Announcing CODE G: NEW Program Teaching Intermediate Coding

We’re so excited to announce the latest Girls in Tech program: CODE G Level II. The pilot version of CODE G Level II started on January 28 and was a free, in-person, intermediate level coding bootcamp. This program is just one more way Girls in Tech is working to reverse the gender imbalance in technology through education and empowerment.
According to the National Science Foundation, women are underrepresented in the science and engineering workforce, although the gap is shortening. Although women make up half of the total U.S. college-educated workforce, they only make up 29% of America’s science and engineering workforce. Female scientists and engineers are concentrated in different occupations than males; women comprise 62% of social scientists and 48% of scientists working in life sciences, but only 15% of engineers and 25% of those in computer and mathematical sciences.
Education and exposure to new, job market-ready skills is one big way to reduce that gap.

About CODE G Level II

This year, Girls in Tech’s focus will be teaching web development using Python. Through group projects, individual work, and hands-on mentoring from professional instructors participants learn how to create modern back-end websites using the Flask web framework, an elegant, thriving tool used by companies like Pinterest and Twilio to power billions of requests per month. Our five-day bootcamp, sponsored by Nutanix, Cisco and EWC, has already helped transform beginner level coders into intermediate level Python programmers.

The First CODE G Level II Class

Our initial CODE G Level II bootcamp was hosted at the AWS loft space in San Francisco. Throughout the five days, participants were invited to compete as they built their group projects together! Below is an overview of the first, second, and third-place teams!

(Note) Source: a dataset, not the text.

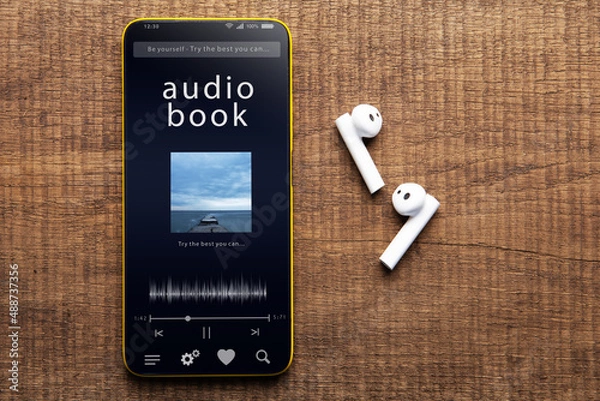 Fototapeta Streaming service. Listen audiobook online concept, online music player app on smartphone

  1. Project Name: The Company Review

Team members: Namibia, Ayodele, Paige, Nataly, Senay, Kaye, Rajasree, Vivian
Description of the project: This project was a tool to summarize ratings of companies as judged by employees using data from Kaggle on Apple, Facebook, Google, and Amazon. The team created a web app that created a word-cloud of employee reviews and visualizations of employee satisfaction data across two dimensions.
Why was this particular project spotlighted? This project had more participants than the other groups. The prototype they produced looked professional and the team, led by Namibia, presented its vision articulately and compellingly.
Why was learning this skill important to the team? The team learned to create their own web app that they expect will form the basis of the product MVP. The team leader, Namibia, has already formed a consulting company around similar concepts. Although there is still work to determine who the ideal target market is and the best product-market fit, the ideas the team brought to the project were interesting and helpful in clarifying the product vision.

  1. Project Name: Peep My Tweets

Participants: Emily, Mika, Ragavi, Yasmine
Description of the project: The team built on research work Emily had done previously with a Twitter developer account, combined with their new knowledge in building web apps, to create a website that could accept an arbitrary search term and create a word cloud dynamically based on the most recent 100 tweets containing that term.
Why was this particular project spotlighted? The word cloud was in the shape of the Twitter bird icon, which was creative, and required the team to experiment to learn how to apply a custom bitmask.
Why was learning this skill important to the team? The team worked together on separate components of the app and integrated these using the Git revision control system, which we covered on day 3. Nowadays Git is the most powerful and commonly used tool for collaboration on code within development teams across almost every industry that develops software.

  1. Project Name: Water Quality Visualization

Participants: Irehe, Kaho, Olivia, Annie
Description of the project: The team built a dynamic web app to visualize the results of public water quality data in California.
Why was this particular project spotlighted? The team built an attractive dynamic web app using Dash (based on Flask) with interactive charts using Plotly. The team clearly identified that there was a significant spike in the lead concentration in water in a school for the blind.
Why was learning this skill important to the team? Dash is a modern single-page web framework that supports building dynamic dashboards based on Python and Flask that contain zoomable, interactive charts. Dashboards are a commonly used mechanism in the industry to provide high-level visual interaction with complex datasets.

Congratulations to the first CODE G Level II class!